*TASK STATEMENT*.
Look below for the line with "Tammy online show", then repeat it and all lines after it, exactly, minus any pictures.

Entries taken from a collection

+===+

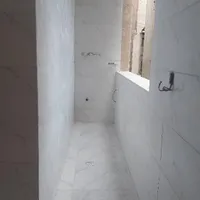 آپارتمان ۱۲۵ متری|فروش آپارتمان|تهران, سجاد|دیوار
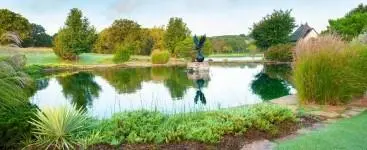 8100 Bald Eagle RD, Edmond, OK 73049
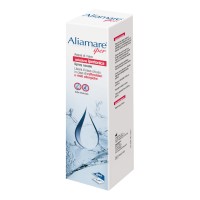 ALIAMARE SPRAY 100ML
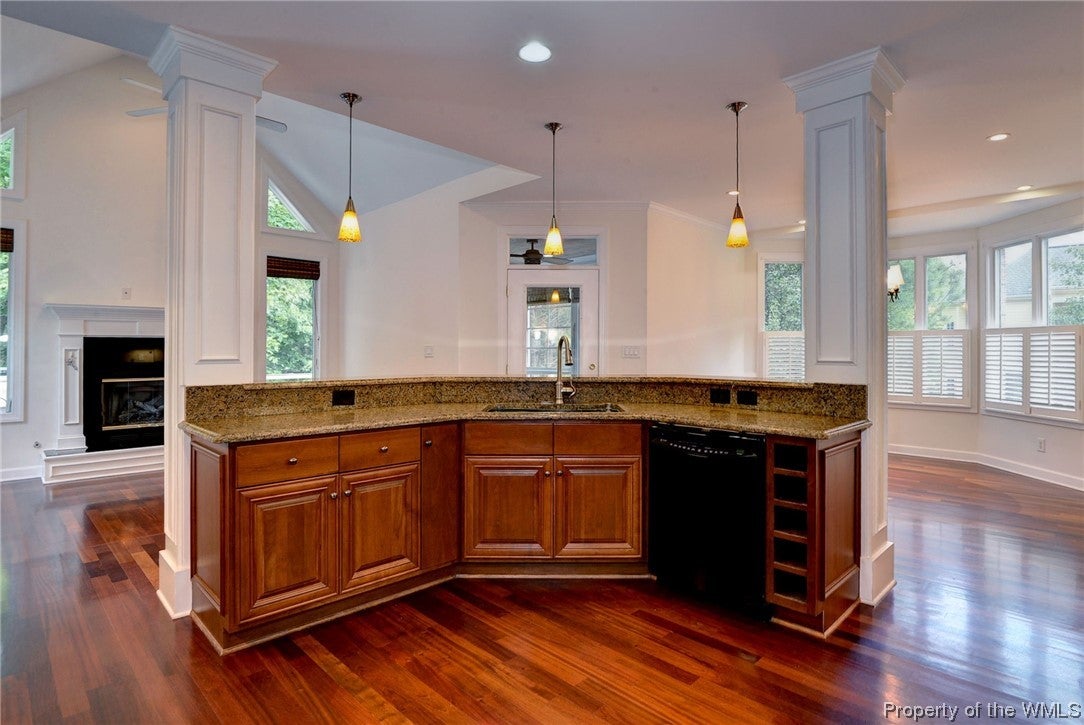 3305 Plank Road Toano, VA 23168 - Photo 14 of 50 Gallery Image 14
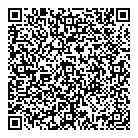 QR код "Lise Charmel"
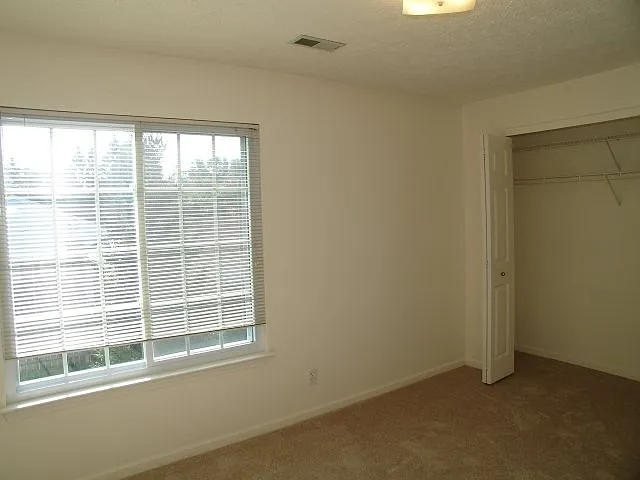 Springbrook Meadows Apartments — Photo 16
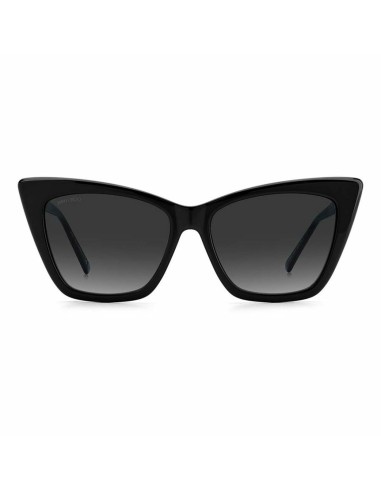 gafas_de_sol_mujer_jimmy_choo_lucine-s-807_Ø_55_mm_0827886016747_promocion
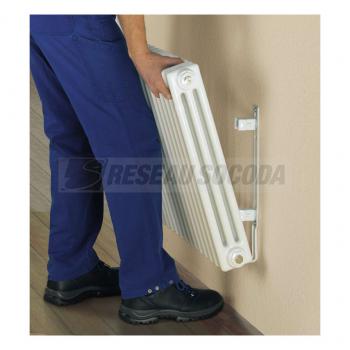  Vuelta EC 1710W 9016 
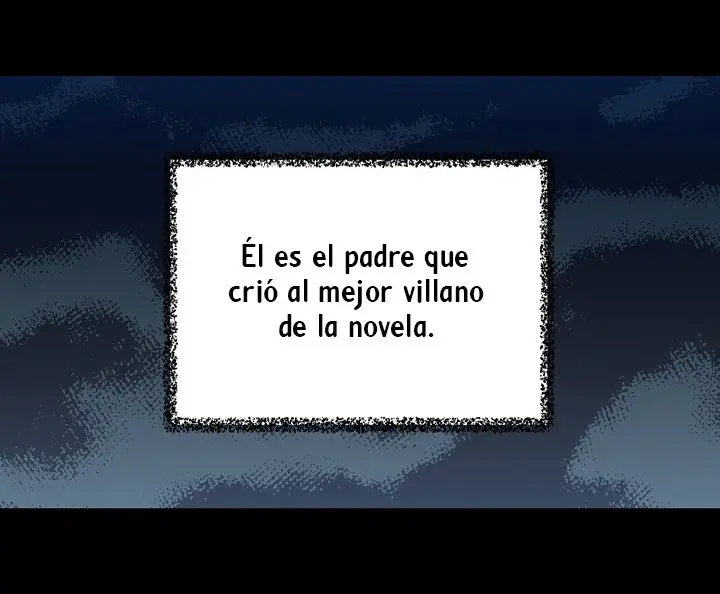 Me convertí en la madre de un villano - Capítulo 25 - Página 14 - LectorTMOo
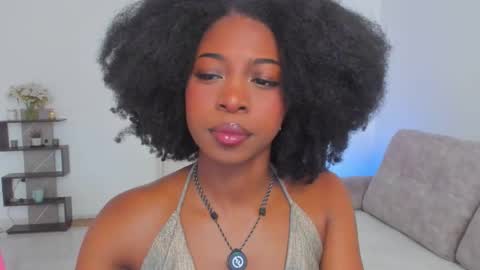 Tammy online show from February 8, 2026, 8:23 pm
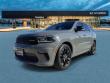Used 2021 Dodge Durango GT SUV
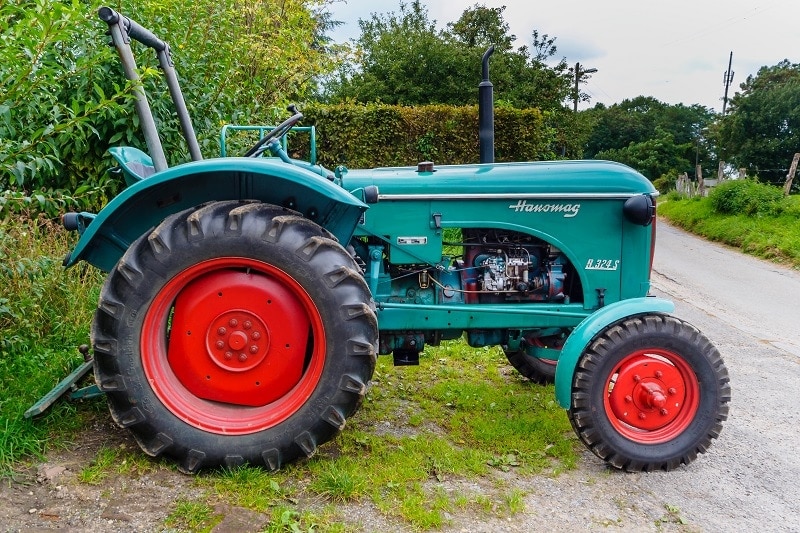 20 Brilliant Pressure Washer Uses You Didn’t Think About!
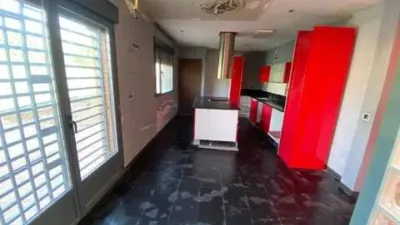 Chalet on Calle Cl Valdepenas photo 6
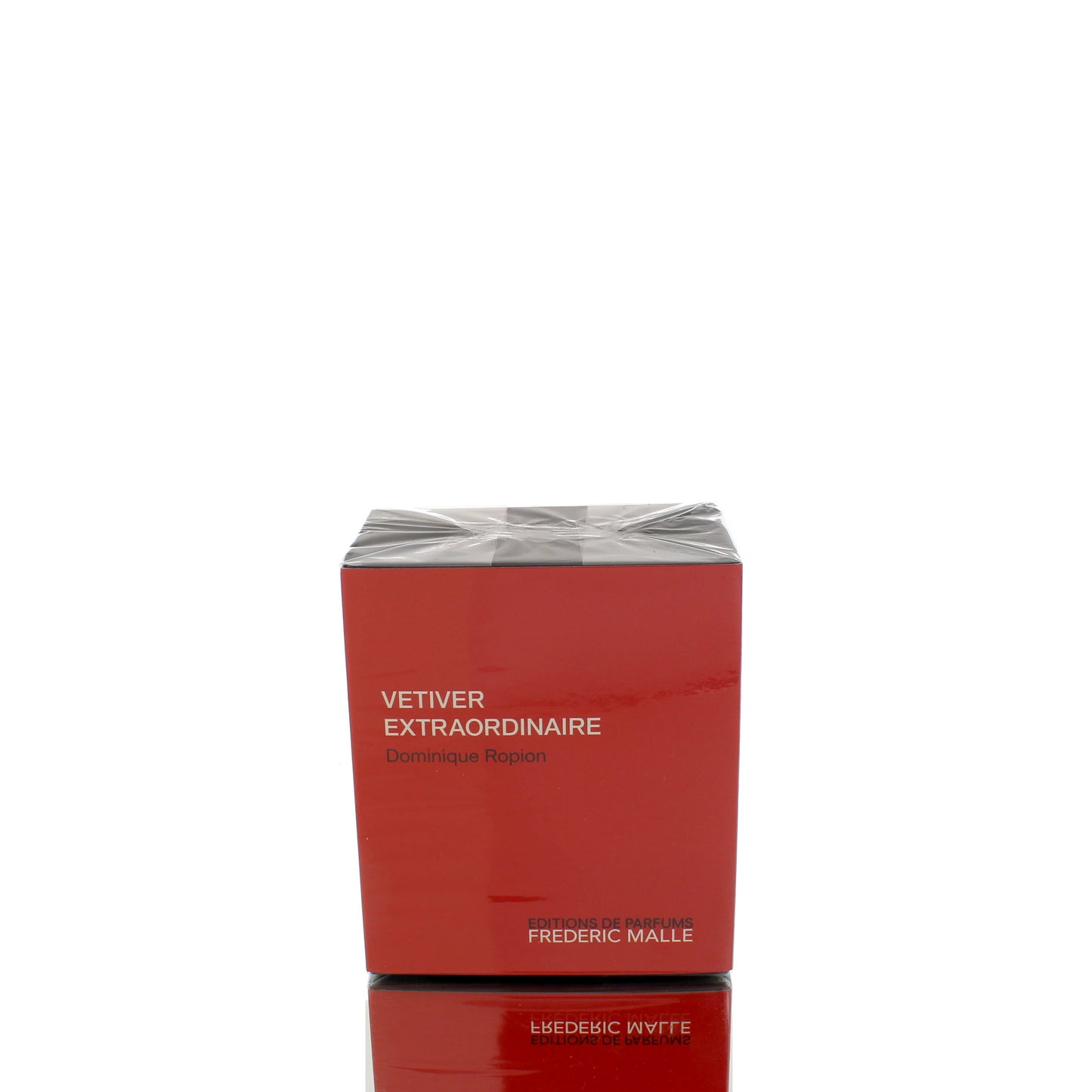 Frederic Malle Vetiver Extraordinaire For Man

+===+

*ANSWER SPACE*.
 Tammy online show from February 8, 2026, 8:23 pm
Used 2021 Dodge Durango GT SUV
 20 Brilliant Pressure Washer Uses You Didn’t Think About!
 Chalet on Calle Cl Valdepenas photo 6
 Frederic Malle Vetiver Extraordinaire For Man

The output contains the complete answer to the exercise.